(Dataset records)
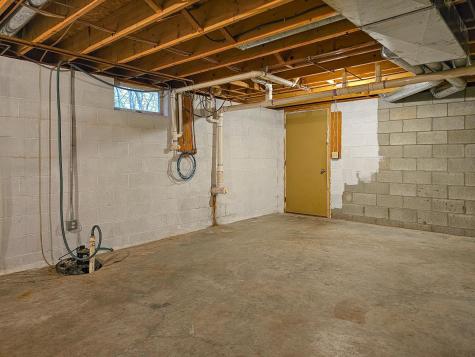 51872 Co Highway 53 Perham MN 56573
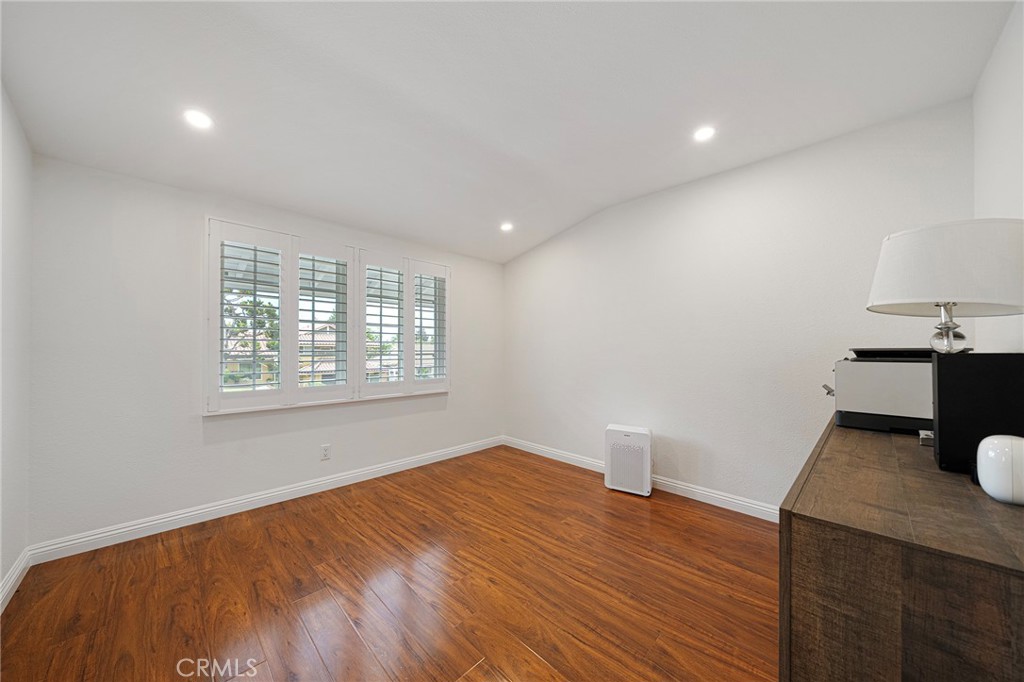 1305 Wickford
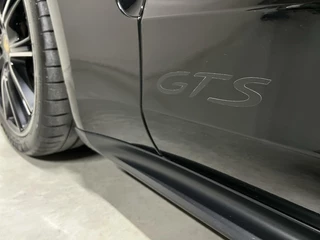 Porsche Panamera – thumbnail 74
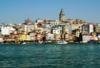 Turquie - Istanbul, 12 JOURS / 11 NUITS - Circuit Turquie Sans Fatigue 

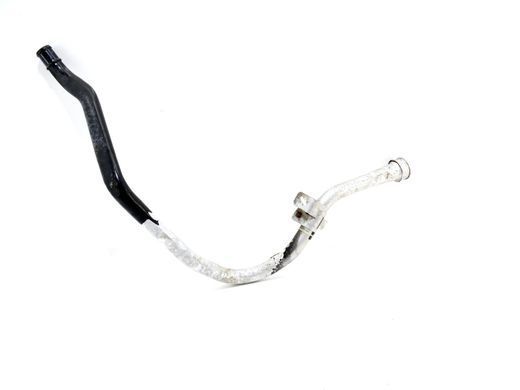 Заливная горловина бензобака VOLVO XC60 2008-2013 (31405164) 30769254, 30769254, A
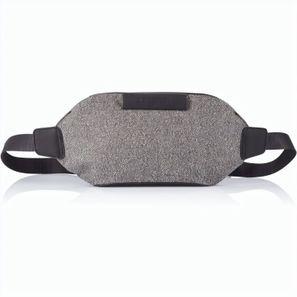 Urban Gürteltasche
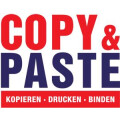Copy & Paste Copyshop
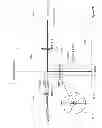 Fig. 26 - Pixel blending for multiple charged-particle beam lithography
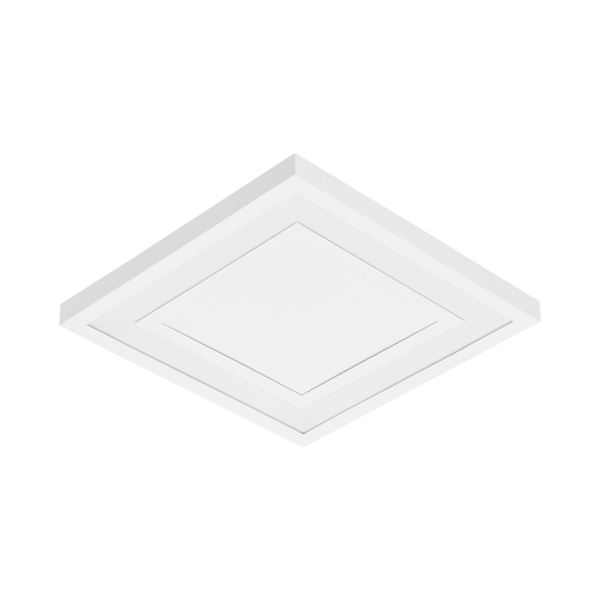 Arto 2 LED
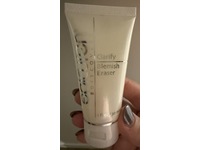 Epicuren Discovery Clarify Blemish Eraser, 1 fl oz/30 mL - Image 3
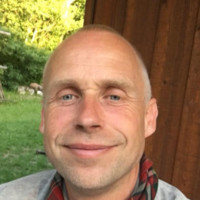 Anders Bork-Nielsen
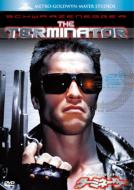 The Terminator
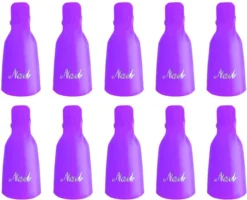 Beautylushh Nageldroger UV Lamp Met Bewegingssensor - Perfect Voor Manicure - Met 24 Dual LED Lampen -Cosmeticawinkel 1200x971 4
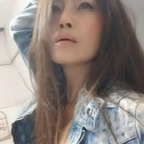 Kyomi kyominomi Leaks OnlyFans 

 profile picture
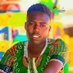 hassan gammer (@hassangammer200) Twitter profile photo hassan gammer (@hassangammer200) Twitter profile photo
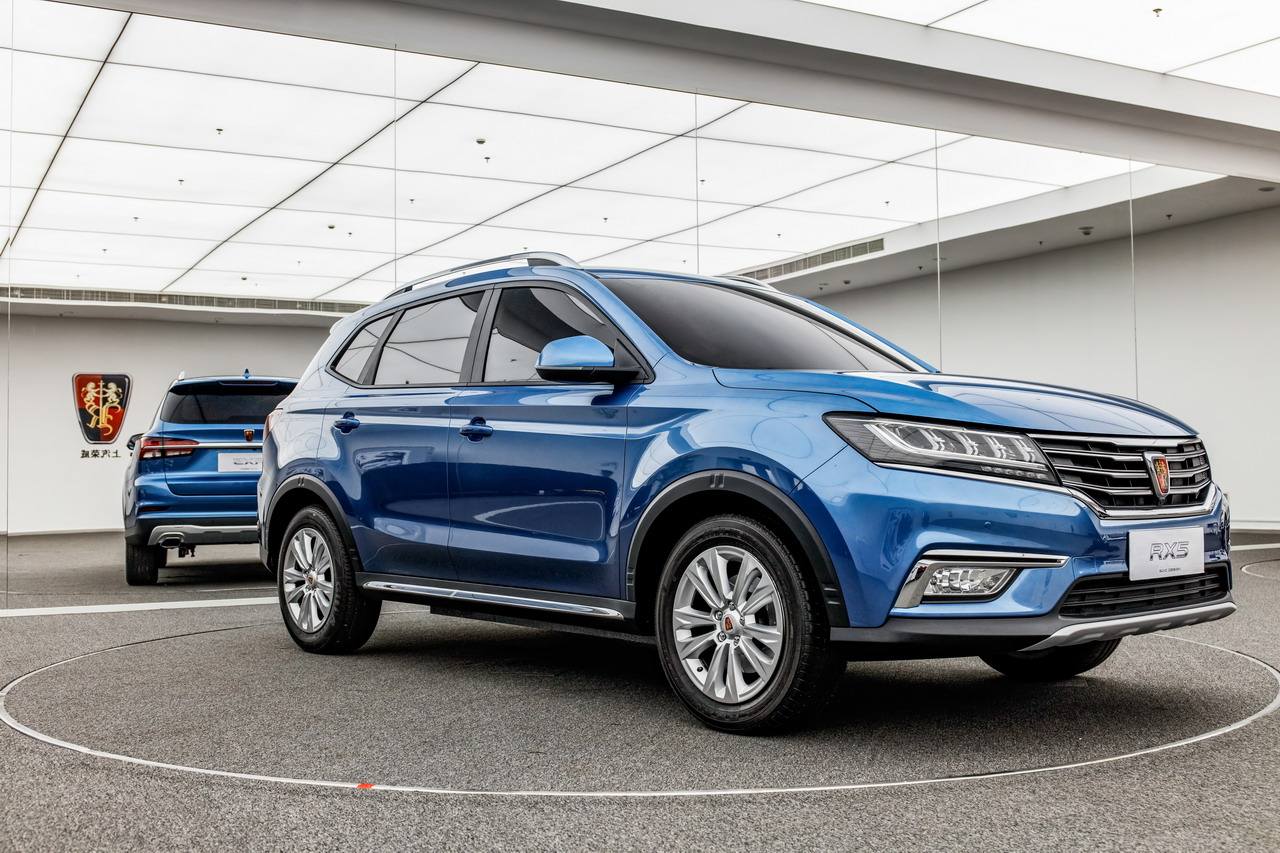 SUV，銷量，哈弗H6，SUV銷量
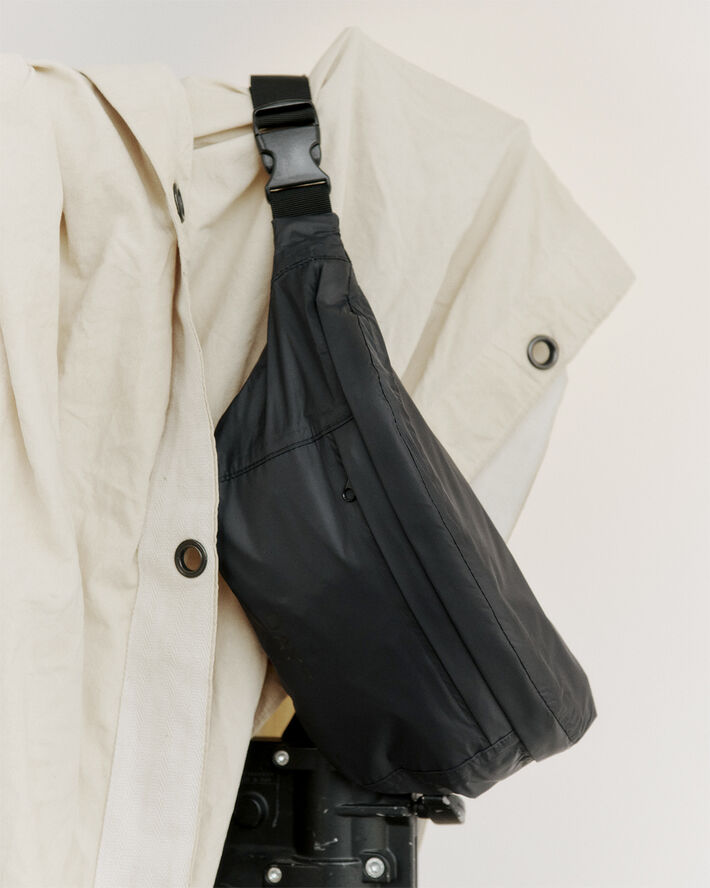 Day GW RE-No Rain Bum L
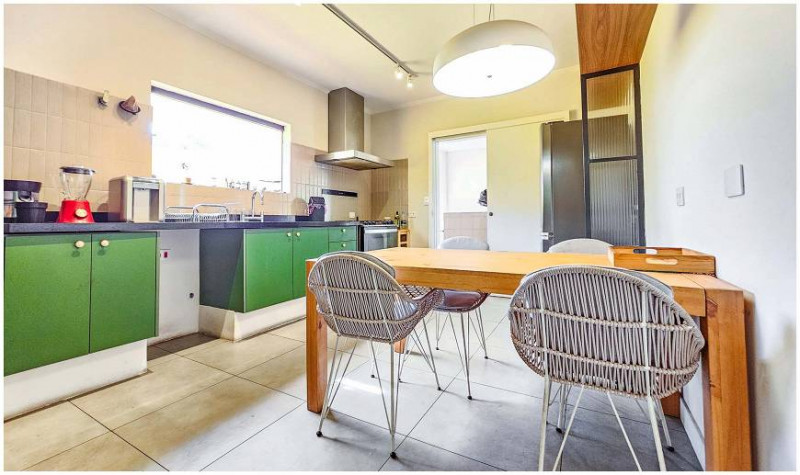 Casa à venda Vila Monumento com 650m² e 4 quartos por R$ 3.650.000 - 2086804543-c12.jpg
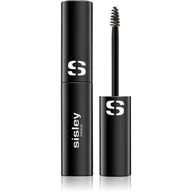 Korektory do twarzy - Sisley Oczy Phyto-Sourcils Fix Żel do brwi - miniaturka - grafika 1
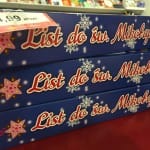 Zdjęcie okładkowe wpisu: List do św. Mikołaja, iPhone i pięć złotych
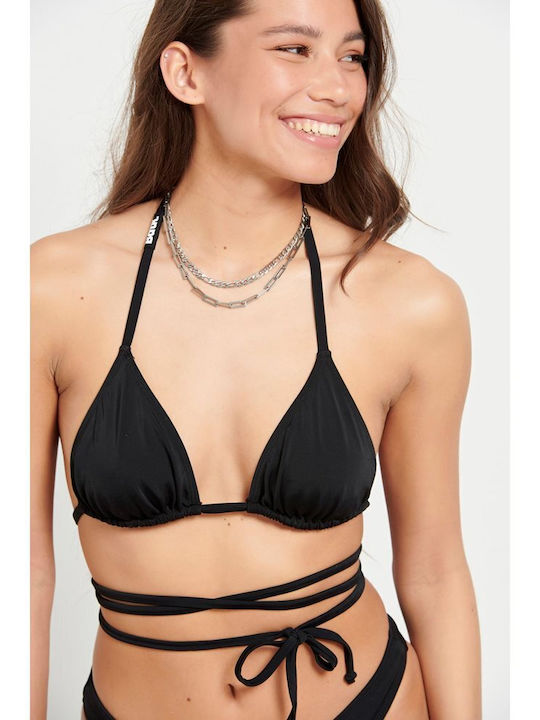 SMW BDTK TOP 1231-901548 BLACK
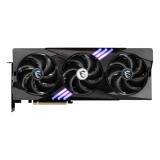 การ์ดจอ MSI GeForce RTX 5070 12G GAMING TRIO OC GDDR7 192-bit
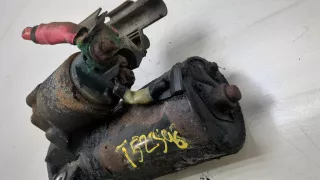  Стартер Ford Transit 3 restailing Арт 20436227, вид 2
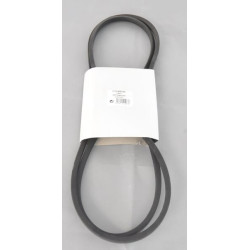 V formos diržas LA87" 12,5x2210 Mitsuboshi FGP421067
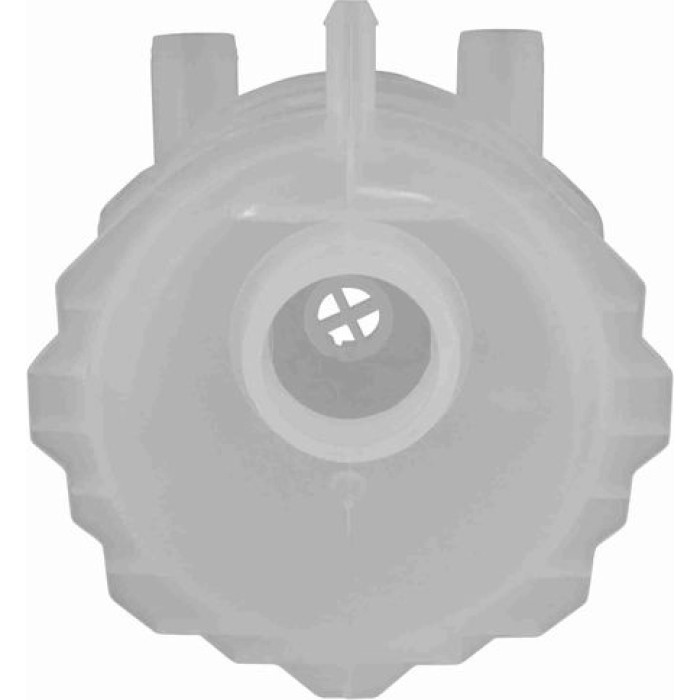 Vaico V46-0289 Ausgleichsbehälter, Kühlmittel Vaico V46-0289 Ausgleichsbehälter, Kühlmittel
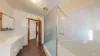 1/2 Doric, St Helens, Tas 7216-Image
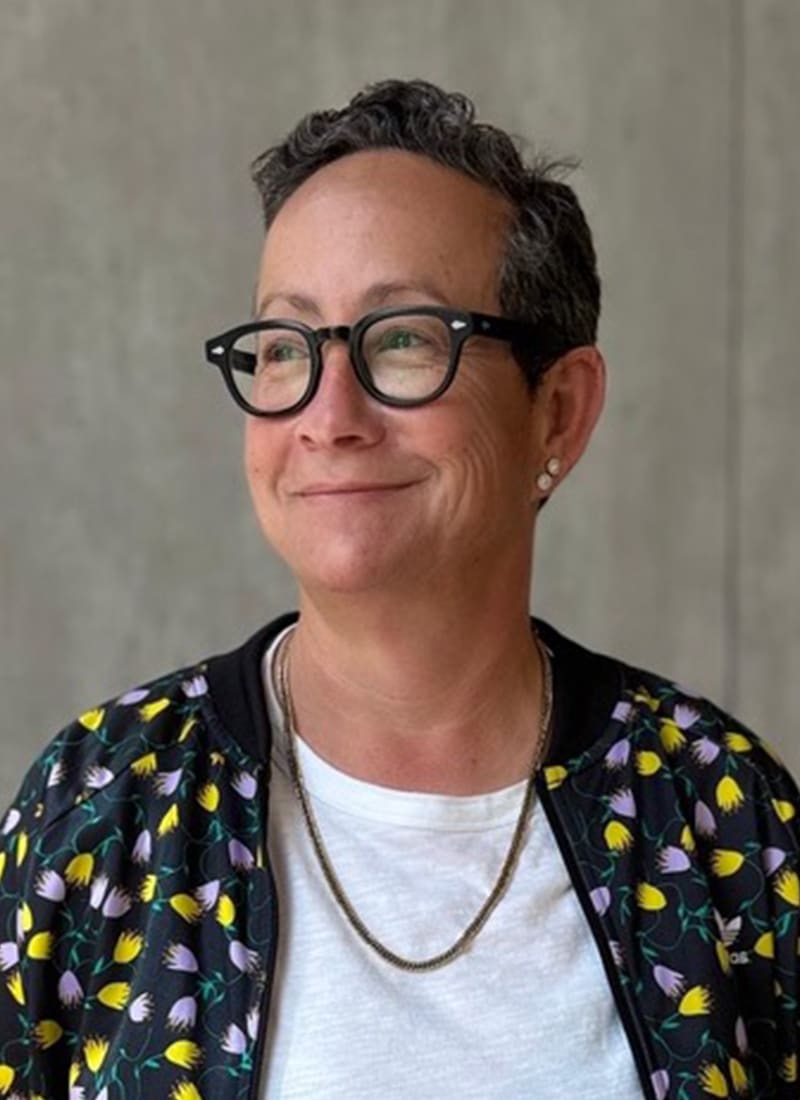 Naama Pyritz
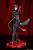 x_apex42304_n.jpg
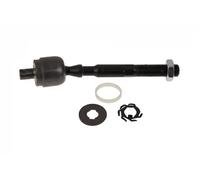 NK 5033943 Rótula axial de dirección
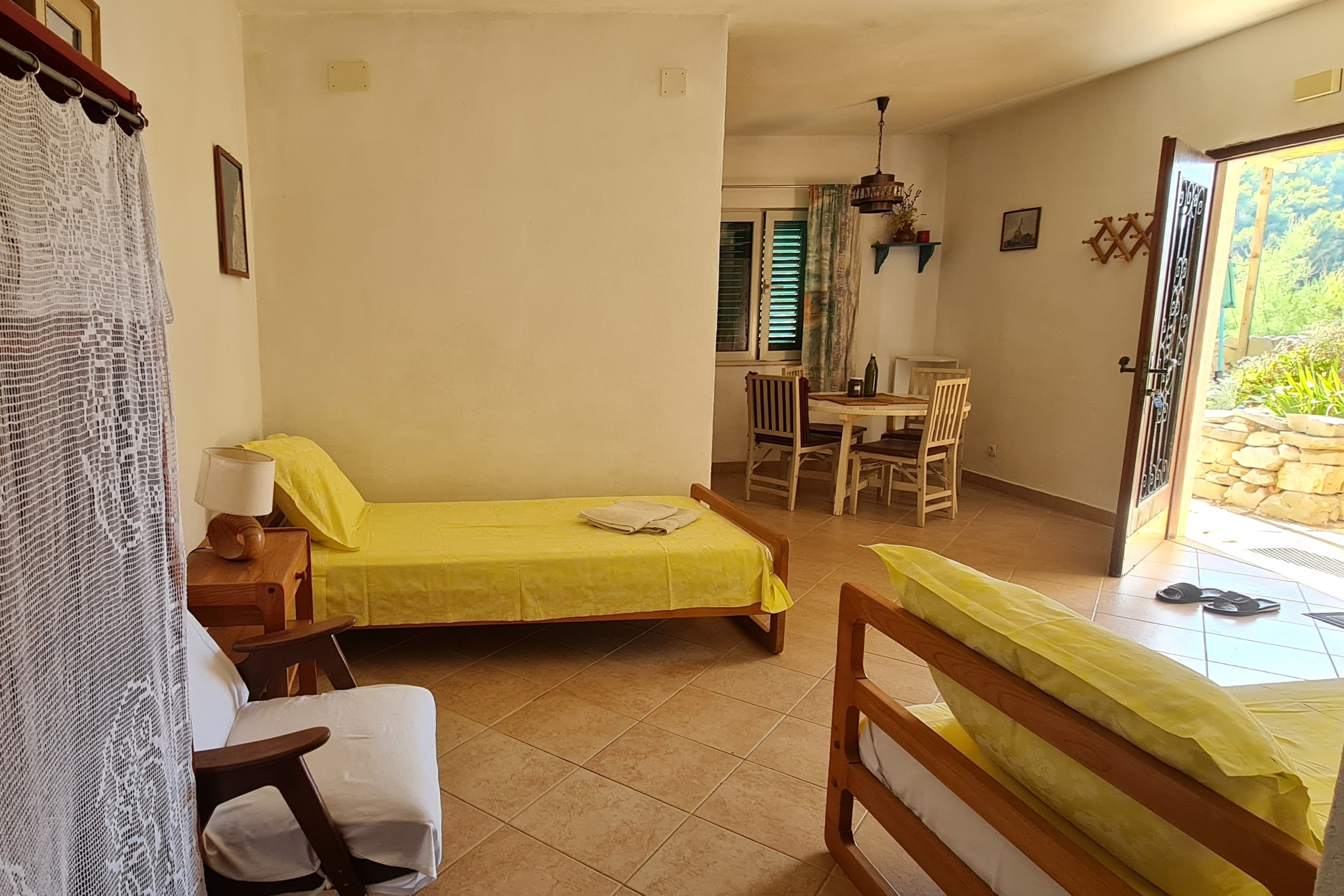 Top Hvar Stiniva (Brusje) Top Hvar Stiniva (Brusje)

» WHAT YOU NEED TO DO: Would it be possible to print the records above verbatim, pictures omitted?

» COMPLETED TASK:
 51872 Co Highway 53 Perham MN 56573
 1305 Wickford
 Porsche Panamera – thumbnail 74
 Turquie - Istanbul, 12 JOURS / 11 NUITS - Circuit Turquie Sans Fatigue 

 Заливная горловина бензобака VOLVO XC60 2008-2013 (31405164) 30769254, 30769254, A
 Urban Gürteltasche
Copy & Paste Copyshop
 Fig. 26 - Pixel blending for multiple charged-particle beam lithography
 Arto 2 LED
 Epicuren Discovery Clarify Blemish Eraser, 1 fl oz/30 mL - Image 3
 Anders Bork-Nielsen
 The Terminator
 Beautylushh Nageldroger UV Lamp Met Bewegingssensor - Perfect Voor Manicure - Met 24 Dual LED Lampen -Cosmeticawinkel 1200x971 4
 Kyomi kyominomi Leaks OnlyFans 

 profile picture
 hassan gammer (@hassangammer200) Twitter profile photo hassan gammer (@hassangammer200) Twitter profile photo
 SUV，銷量，哈弗H6，SUV銷量
 Day GW RE-No Rain Bum L
 Casa à venda Vila Monumento com 650m² e 4 quartos por R$ 3.650.000 - 2086804543-c12.jpg
 Korektory do twarzy - Sisley Oczy Phyto-Sourcils Fix Żel do brwi - miniaturka - grafika 1
 Zdjęcie okładkowe wpisu: List do św. Mikołaja, iPhone i pięć złotych
 SMW BDTK TOP 1231-901548 BLACK
 การ์ดจอ MSI GeForce RTX 5070 12G GAMING TRIO OC GDDR7 192-bit
  Стартер Ford Transit 3 restailing Арт 20436227, вид 2
 V formos diržas LA87" 12,5x2210 Mitsuboshi FGP421067
 Vaico V46-0289 Ausgleichsbehälter, Kühlmittel Vaico V46-0289 Ausgleichsbehälter, Kühlmittel
 1/2 Doric, St Helens, Tas 7216-Image
 Naama Pyritz
 x_apex42304_n.jpg
 NK 5033943 Rótula axial de dirección
 Top Hvar Stiniva (Brusje) Top Hvar Stiniva (Brusje)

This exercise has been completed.